Start of MATERIAL SUPPLIED

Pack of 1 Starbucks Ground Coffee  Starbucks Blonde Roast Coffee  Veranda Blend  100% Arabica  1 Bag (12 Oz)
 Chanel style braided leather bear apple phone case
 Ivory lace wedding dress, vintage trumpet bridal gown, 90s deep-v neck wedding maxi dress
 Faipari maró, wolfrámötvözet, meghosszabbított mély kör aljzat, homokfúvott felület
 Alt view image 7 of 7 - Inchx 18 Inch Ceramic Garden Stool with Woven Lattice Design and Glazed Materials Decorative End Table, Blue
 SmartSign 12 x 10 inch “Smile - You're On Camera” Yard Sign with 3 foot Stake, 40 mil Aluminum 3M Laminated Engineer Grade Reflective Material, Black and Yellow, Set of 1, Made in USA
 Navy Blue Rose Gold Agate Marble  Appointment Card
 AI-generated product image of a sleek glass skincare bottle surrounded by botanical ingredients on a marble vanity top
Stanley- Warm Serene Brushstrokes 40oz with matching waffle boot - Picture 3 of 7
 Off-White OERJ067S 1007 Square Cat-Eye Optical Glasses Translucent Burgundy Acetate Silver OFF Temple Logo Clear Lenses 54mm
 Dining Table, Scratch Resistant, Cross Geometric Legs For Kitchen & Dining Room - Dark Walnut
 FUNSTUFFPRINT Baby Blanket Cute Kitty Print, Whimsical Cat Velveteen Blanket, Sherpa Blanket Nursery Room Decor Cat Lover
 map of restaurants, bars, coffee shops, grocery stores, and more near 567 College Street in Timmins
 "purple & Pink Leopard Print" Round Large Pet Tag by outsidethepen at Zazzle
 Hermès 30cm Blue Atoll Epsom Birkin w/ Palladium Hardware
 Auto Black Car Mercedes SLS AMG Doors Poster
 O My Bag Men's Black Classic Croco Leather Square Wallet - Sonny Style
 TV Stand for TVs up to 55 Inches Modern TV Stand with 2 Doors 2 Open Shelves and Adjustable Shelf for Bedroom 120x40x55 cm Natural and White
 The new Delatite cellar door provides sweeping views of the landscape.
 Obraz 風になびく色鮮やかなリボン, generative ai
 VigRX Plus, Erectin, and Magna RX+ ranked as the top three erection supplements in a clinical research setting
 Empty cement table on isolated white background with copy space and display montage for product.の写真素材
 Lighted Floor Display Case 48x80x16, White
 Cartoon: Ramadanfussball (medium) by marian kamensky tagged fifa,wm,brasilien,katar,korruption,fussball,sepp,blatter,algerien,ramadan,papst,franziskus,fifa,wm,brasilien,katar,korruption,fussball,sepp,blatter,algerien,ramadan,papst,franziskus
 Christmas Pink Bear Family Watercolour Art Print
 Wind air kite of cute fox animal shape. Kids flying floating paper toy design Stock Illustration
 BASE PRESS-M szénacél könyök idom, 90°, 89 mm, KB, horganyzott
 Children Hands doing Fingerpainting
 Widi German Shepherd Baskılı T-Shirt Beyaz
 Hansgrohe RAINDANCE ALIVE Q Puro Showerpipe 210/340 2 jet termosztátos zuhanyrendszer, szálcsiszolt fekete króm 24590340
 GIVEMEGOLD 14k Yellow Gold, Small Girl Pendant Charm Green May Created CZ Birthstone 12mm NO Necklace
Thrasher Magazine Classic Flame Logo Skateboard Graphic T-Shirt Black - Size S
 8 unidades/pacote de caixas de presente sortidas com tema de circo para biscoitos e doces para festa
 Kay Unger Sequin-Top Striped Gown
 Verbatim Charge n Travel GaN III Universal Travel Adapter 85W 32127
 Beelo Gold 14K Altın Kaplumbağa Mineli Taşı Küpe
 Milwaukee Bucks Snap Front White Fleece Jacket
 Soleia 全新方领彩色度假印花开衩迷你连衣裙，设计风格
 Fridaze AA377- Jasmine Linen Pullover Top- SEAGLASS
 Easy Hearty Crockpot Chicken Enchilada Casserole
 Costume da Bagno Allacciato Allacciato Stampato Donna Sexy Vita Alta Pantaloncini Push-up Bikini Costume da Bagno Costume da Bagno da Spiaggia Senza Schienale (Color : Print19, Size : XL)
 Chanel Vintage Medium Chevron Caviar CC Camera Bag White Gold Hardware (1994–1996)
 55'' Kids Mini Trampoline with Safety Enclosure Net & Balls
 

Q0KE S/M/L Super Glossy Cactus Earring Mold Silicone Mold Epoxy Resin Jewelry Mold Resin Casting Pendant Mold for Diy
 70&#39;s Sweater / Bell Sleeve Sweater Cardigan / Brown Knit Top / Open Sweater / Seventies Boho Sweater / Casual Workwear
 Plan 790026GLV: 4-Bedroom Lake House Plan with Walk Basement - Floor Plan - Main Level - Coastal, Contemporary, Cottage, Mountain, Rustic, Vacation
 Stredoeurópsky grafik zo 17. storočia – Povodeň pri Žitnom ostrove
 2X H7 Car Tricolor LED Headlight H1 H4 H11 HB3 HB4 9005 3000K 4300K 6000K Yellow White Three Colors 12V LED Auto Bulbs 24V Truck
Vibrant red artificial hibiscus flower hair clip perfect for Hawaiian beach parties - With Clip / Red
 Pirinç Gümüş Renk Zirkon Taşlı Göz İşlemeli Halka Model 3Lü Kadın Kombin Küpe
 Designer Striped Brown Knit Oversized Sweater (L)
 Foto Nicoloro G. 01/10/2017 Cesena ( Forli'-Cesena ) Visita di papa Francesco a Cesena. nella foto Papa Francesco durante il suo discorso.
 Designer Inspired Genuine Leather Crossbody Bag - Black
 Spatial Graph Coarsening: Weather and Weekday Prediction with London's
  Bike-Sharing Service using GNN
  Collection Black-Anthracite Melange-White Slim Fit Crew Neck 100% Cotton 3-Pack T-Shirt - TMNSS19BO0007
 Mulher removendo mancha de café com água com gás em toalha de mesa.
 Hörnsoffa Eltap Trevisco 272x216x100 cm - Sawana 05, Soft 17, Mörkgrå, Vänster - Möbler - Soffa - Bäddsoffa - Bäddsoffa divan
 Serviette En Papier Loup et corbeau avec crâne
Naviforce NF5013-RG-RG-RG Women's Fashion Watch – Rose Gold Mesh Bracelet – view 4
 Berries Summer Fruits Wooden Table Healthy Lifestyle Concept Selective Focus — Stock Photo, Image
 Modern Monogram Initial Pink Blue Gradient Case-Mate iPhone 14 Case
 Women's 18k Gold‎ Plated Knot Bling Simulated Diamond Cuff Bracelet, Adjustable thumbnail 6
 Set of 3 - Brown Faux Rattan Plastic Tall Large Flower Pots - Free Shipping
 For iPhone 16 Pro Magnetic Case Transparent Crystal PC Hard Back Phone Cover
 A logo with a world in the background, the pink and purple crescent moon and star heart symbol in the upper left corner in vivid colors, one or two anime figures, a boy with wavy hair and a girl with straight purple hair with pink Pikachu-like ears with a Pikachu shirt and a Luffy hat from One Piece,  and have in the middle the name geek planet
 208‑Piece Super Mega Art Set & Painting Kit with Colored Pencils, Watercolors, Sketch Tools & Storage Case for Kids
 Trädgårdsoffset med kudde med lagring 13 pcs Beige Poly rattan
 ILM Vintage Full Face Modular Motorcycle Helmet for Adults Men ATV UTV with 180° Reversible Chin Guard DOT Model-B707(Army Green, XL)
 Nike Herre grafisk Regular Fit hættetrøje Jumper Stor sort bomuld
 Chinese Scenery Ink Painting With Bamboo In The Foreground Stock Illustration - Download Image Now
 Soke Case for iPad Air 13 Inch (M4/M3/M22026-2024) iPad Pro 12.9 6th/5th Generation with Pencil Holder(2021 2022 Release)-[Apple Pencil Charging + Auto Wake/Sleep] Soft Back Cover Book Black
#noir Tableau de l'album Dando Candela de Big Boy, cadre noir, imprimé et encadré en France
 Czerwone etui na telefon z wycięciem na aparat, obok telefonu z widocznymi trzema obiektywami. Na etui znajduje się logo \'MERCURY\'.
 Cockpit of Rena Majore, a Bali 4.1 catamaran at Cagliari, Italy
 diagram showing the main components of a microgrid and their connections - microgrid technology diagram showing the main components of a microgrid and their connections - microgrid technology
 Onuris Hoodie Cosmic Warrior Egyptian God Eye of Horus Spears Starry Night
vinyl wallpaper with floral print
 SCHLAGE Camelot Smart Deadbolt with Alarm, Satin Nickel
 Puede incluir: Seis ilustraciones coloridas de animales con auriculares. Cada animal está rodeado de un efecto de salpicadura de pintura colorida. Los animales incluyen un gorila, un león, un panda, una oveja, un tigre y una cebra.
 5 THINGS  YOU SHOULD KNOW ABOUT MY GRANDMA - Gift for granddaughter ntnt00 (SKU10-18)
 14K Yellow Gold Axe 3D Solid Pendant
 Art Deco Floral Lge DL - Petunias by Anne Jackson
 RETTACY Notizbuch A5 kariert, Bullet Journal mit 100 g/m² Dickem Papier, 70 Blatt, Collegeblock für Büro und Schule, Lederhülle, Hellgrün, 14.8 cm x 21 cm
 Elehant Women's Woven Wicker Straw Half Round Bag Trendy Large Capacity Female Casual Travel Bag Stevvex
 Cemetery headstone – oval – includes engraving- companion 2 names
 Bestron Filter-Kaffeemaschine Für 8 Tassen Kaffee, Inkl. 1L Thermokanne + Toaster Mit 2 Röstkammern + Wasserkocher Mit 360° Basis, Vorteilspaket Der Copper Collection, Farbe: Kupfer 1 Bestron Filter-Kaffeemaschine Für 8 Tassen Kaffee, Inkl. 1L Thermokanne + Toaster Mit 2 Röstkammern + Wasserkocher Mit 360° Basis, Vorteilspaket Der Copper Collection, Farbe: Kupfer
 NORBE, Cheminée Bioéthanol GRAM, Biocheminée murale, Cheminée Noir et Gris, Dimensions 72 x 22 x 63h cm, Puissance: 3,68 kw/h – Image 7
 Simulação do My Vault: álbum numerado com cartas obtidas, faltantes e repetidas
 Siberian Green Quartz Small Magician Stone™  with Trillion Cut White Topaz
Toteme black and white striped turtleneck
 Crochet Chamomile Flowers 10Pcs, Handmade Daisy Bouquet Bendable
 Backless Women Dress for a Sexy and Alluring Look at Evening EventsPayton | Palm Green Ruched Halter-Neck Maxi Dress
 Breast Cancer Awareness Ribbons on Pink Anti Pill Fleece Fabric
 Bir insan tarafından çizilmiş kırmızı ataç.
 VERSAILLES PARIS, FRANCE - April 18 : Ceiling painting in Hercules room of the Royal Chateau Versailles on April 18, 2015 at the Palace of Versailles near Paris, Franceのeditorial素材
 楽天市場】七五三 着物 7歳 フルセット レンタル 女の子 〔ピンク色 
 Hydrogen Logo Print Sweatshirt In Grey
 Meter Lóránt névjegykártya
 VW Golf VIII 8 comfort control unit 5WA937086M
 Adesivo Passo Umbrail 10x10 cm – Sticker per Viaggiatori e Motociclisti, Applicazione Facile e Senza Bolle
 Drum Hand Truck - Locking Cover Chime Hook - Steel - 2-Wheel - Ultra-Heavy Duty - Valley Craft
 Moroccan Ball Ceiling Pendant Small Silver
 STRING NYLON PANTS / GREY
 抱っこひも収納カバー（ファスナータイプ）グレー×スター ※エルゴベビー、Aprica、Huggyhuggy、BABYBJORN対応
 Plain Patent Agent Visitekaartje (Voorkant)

End of MATERIAL SUPPLIED

◆ TASK BRIEF:
Count each line above with "Woven"; write only the number.

◆ SOLVED PROBLEM:
2